Of course, although infinite games are not limited by time, they remain, as with finite games, limited by space. After all, football must happen on a field, with two teams, using a particular ball. If it didn’t, it simply would not be football. A friendship between two people is limited by the fact that the two people are not interchangeable, for it to be their friendship, they both have to stay.
Yet these limits provide a setting in which the game can occur. If a game of soccer did not have goals you could not measure the score; if it did not have jerseys, you could not define the scorers; if it did not have umpires, you could not qualify the integrity. The limits support the game and enhance it.
Language:
It is through limits that language functions. On a structural level, words are classified into categories. Some are nouns, some are verbs and others adjectives, articles, prepositions, modalities, and nominalisations. This is the grammar by which the structure of sentences becomes intelligible. Without the strictly defined limits imposed by grammar, we would have almost no way of knowing whether someone was asking us a question, demanding an answer, speaking in the present tense, the past tense, referring to us or another person, or even what they thought of a given thing.
These classifications occur alongside others. For example, ‘animal’ and within ‘animal’ is dog, cat, tiger, kangaroo, wombat, etc. Even further, ‘dog’ functions as its own category as you then have corgi, jack Russel, German shepherd and so forth. These are symbolical maps that have their own structures and limits. They make up a symbolic universe in your mind where you see the interrelations and families of different concepts. These limits, in this case, structures, allow you to organise the world and make it intelligible, providing you the tools to speak, classify, interpret and share the world with other people.
Alongside this structural level is the syntactical structure of words. This is the limit of what something can mean. For human language to be at all intelligible and for it to even be called a language at all, words must mean what they mean. For example “c-u-p” has to mean any small object that possess qualities roughly resembling a base, a water-tight bowl for liquid, and a handle. It has to be a cup! If not, if the word “c-u-p” is not only used to refer to cups, but also to cats & dogs, hamburgers & hotdogs, then the word becomes utterly unintelligible. Words must mean what they have been declared to mean because it this was not the case, the entire language would fall apart.
The limits of words are meta-cognitive, interpretative, and structural. But these limits/structures/boundaries that have been set on what language can do are what allow it to flourish! Of course, there are other structures for other languages and this is precisely the point. The structures are all unique because each has grown to enhance the language in its own unique way.
Painting:
The painter faces at least three limitations in his work. The first is the limitation of form. The painter must decide on what he will paint; a felt canvas, an old vinyl record, a wooden table, a wall.
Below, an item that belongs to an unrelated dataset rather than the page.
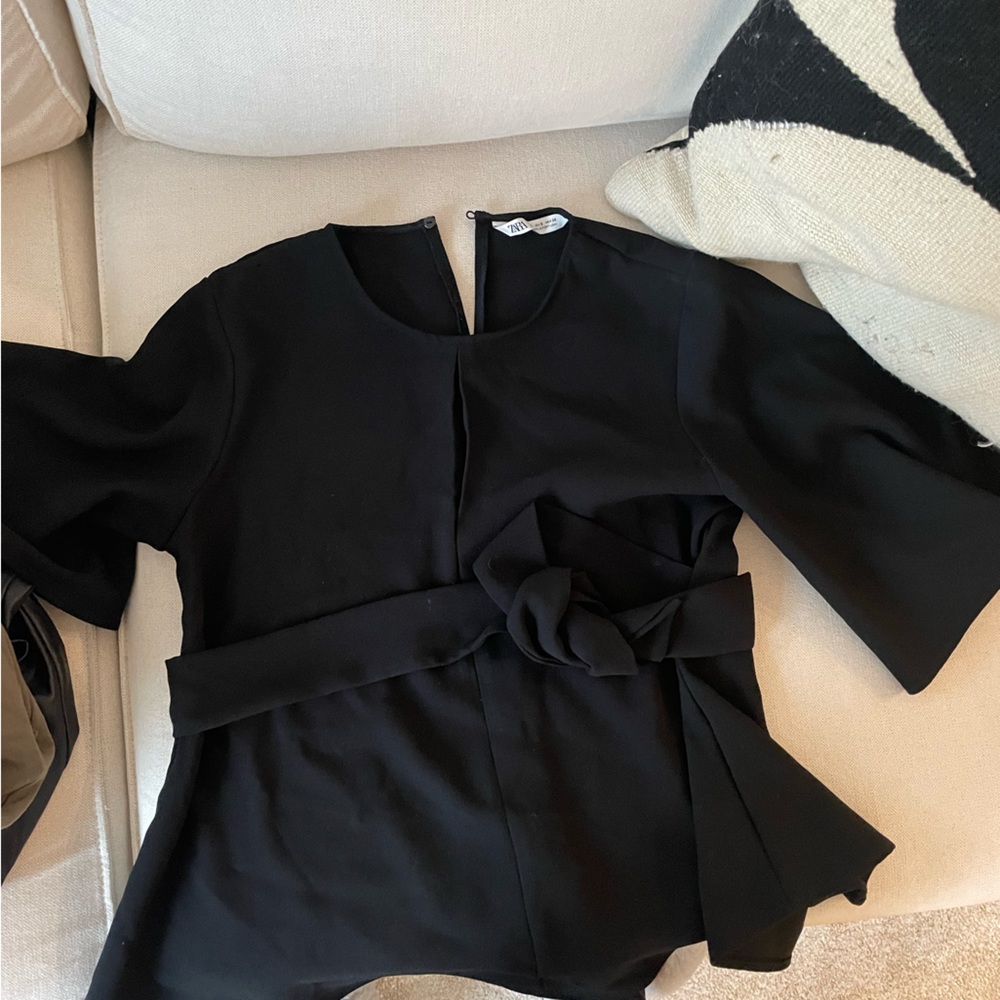 Zara wrap black blouse size small with flounce sleeves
By choosing the form, the painter encloses his work within limits. But we would not consider this a terrible thing for how else would he get anything done?
The second limitation is that of content. The painter can choose from only so many textures of paint and of colours visible to the human eye. But these strictures force the painter to be more creative in his application of texture and colour. The human eye’s reception of visible light is not a limit imposed upon us by some malevolent third party. Rather, it is a product of human development that has led to human flourishing and enhancement by allowing us to appreciate artistry of colour both man-made and natural.
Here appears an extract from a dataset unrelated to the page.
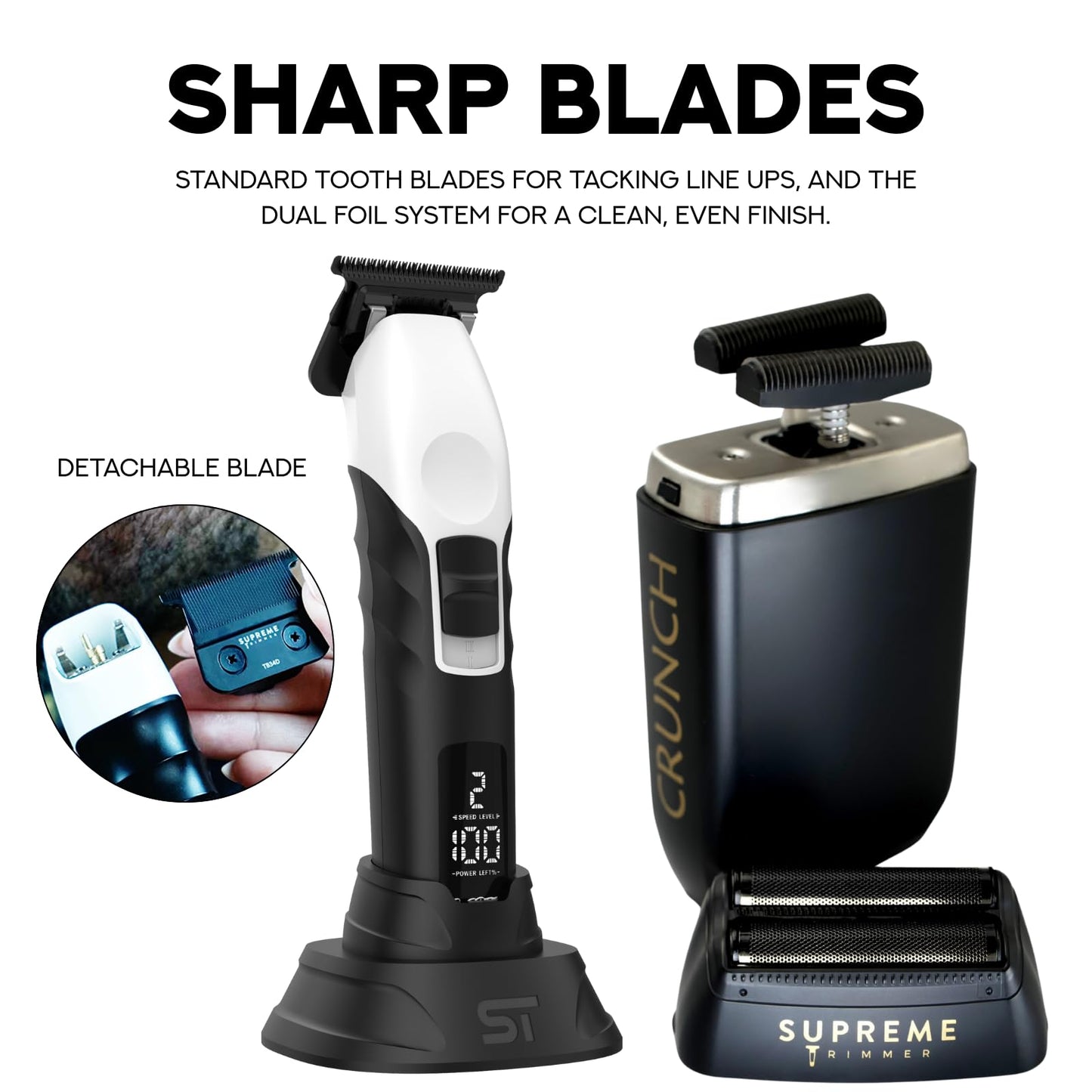 Supreme Trimmer Crunch Foil Shaver & 2Spee Trimmer Barber Hair Cutting Kit - Cordless Beard & Mustache Trimming Set - LCD Battery Displays, Removable Beauty and Personal Care Supreme Trimmer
The third limitation is that of his own knowledge. We cannot use words we do not know, speak in languages we do not understand, think thoughts we have never thought of or paint images we cannot conceive. The painter is limited by his own knowledge but this almost invisible limit does not function as an inhibitor because that would be to presuppose the knowledge he does not yet possess. It is not a limit on his knowledge but the limit produced by virtue of his knowledge.
Poetry:
One of the curious things about human creativity is that it needs a structure, like the channels of a river giving the water shape. Without this structure, it is an amorphous mass of energy, bursting out in all directions, signifying nothing except meaningless exuberance.
By imposing limits, this creativity is allowed to take shape and become discernible, and when done properly, even beautiful.
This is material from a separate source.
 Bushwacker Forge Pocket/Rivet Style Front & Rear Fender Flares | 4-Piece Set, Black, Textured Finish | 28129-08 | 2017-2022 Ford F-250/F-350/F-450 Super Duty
Poetry is one such example. On the website The American Scholar, poet David Lehman poses the challenge: in the poem, use the numbers 1 to 10 in ascending order, one number per line. He allows the numbers to be phonetic, so one can use “to” or “too” instead of “two”. Lehman points out that even though this imposes a limit on what one can say and how they say it, it forces the imagination to work in a variety of new and interesting ways. The paradox is, the imposition of a limit actually spurns creativity!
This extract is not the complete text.